# The key to effective volatility management

#### Itiviti : Katarina Klangby - 28th January 2016The opinions expressed by this blogger and those providing comments are theirs alone, this does not reflect the opinion of Automated Trader or any employee thereof. Automated Trader is not responsible for the accuracy of any of the information supplied by this article.

Interview with Yuri Shpolanskiy, Quantitative Engineering Manager, Orc

Yuri, you head up Orc's quantitative team. What, in your opinion, is the key to effective volatility management?

The key to effective volatility management is accurate modeling - the ability to describe the market and volatility surface, how it should transform as the market moves, and whether to use any automatic fitting techniques. Fitting is a mathematical procedure to find a curve that follows the market volatilities closely.

For comprehensive volatility management, I recommend a combination of volatility models, such as the widely used Wing, CCS (Clamped Cubic Spline) and SVI (Stochastic Volatility Inspired). Each volatility model has different behavior and parameterization, giving the flexibility to cover a wide range of derivative contracts and markets trading today. Firms will often need to apply different models depending on the scenario, as a model may fit a certain contract and market very well, but may not be suitable for another contract and market. For example, we typically find that US commodity options traders prefer CCS as they need finer point-per-point control, while European equity traders often use Wing. And sometimes, it's just personal preference.

Regarding the curve fitting, when the mathematical problem is linear, it is fairly straightforward. However, the typical problem is not linear, comes with several constraints and thus leads to a more complicated, non-linear equation. Non-linearity requires a sophisticated and stable algorithm, which solves non-linear equations by iterations. A robust numerical procedure for all volatility models is paramount.

How do you provide stable fitting as the market changes?

One way is of course to fit the curve to the market every time it moves, but constant re-calculations have a negative impact on performance. A more efficient method is to monitor a specified set of criteria. As long as the volatility curve remains within these criteria, there is no need to re-adjust the fitting.

How do you achieve accurate volatility management without compromising performance?

- First, we ensure that the fitting procedure itself is fast.

- Second, the fitting procedure must be stable, meaning that it should not switch to an alternate route to solve the problem. The SVI model, for instance, offers a number of possible routes, but changing routes also requires changing parameters.

- The most complicated problem is to select the right criteria for when to apply, and when not to apply, the parameters found by the fitting algorithm. We have received many requests from our customers for help in this area.

You are working on a solution that will allow firms to use historical data for auto-fitting analysis. Why is this good?

It is very cool to be able to go back and examine historical data, because it shows how the algorithm reacts to changes in real life. This is crucial to understand in order to work out the criteria for when to re-adjust the curve.

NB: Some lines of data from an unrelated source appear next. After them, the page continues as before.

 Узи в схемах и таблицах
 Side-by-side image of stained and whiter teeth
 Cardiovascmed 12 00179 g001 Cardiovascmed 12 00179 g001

There are hundreds of potentially interesting parameters, but to consider them all would produce a terribly inefficient workflow. The trick is to understand which parameters are the most important, and to implement an automated solution for applying these parameters.

How do Orc's customers use the volatility management models?

Some use the models out-of-the-box, others take advantage of the ability to customize them. Many actually switch between models depending on the product. There are two main scenarios:

- They specify their own parameters (and hide our suggestions)

- They base their volatility management on our suggestions, which in turn are based on typical situations specified by our customers.

Their choice really depends on the situation. They examine plots, and if they see that the curve applies inappropriately for them, they make changes.

In your opinion, what sets Orc's volatility management apart?

One important aspect, from our customers' perspective, is the ability to implement custom volatility models. It is also easy to modify the user interface of our volatility manager applications to create a customized environment.

This level of flexibility also makes it easy for us to make improvements. The application is constantly improved; not once or twice a year, but every day. A team of mathematicians and software engineers introduces new features and mathematically improves the algorithms based on customer feedback, proprietary and academic research.

Our expressed goal is to be the market leader in volatility management. Our customers should be the judges of that claim, but I believe that with customizable models, fast and accurate fitting algorithms and low impact on performance, we're well on our way.